╔══

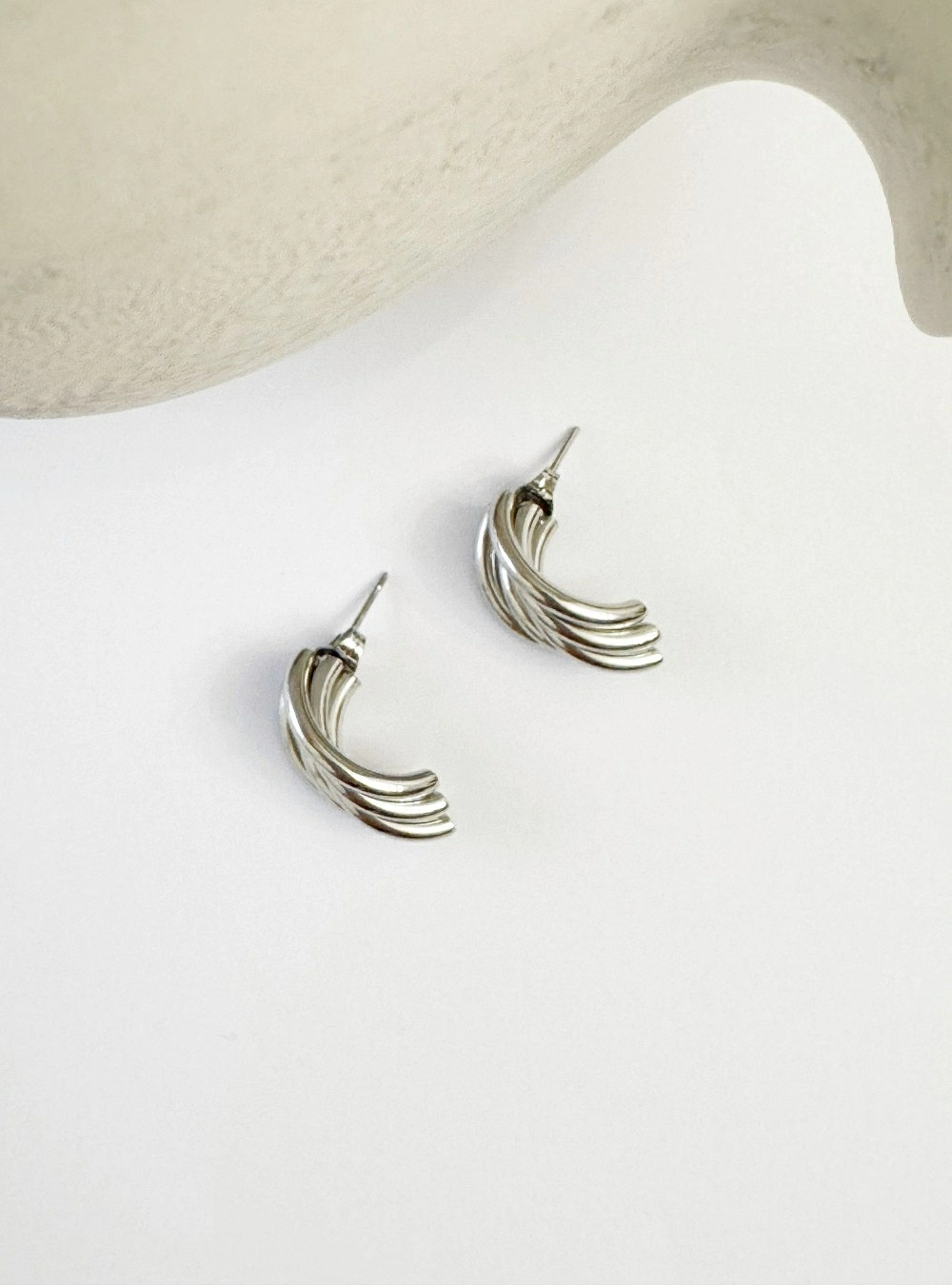 Pendientes cinco arcos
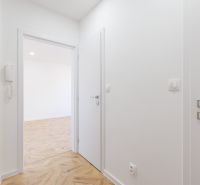 Folyosó egy kétszobás lakásban, fa mintázatú padlóval és fehér falakkal.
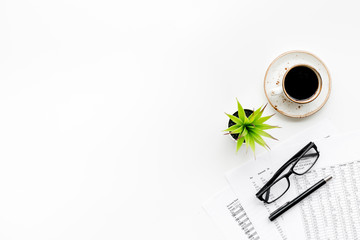 Breakfast in office with coffee on the work desk with documents and glasses on white background top view space for text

╚══

Omit the pictures. Repeat the rest of the data exactly.

 Pendientes cinco arcos
 Folyosó egy kétszobás lakásban, fa mintázatú padlóval és fehér falakkal.
 Breakfast in office with coffee on the work desk with documents and glasses on white background top view space for text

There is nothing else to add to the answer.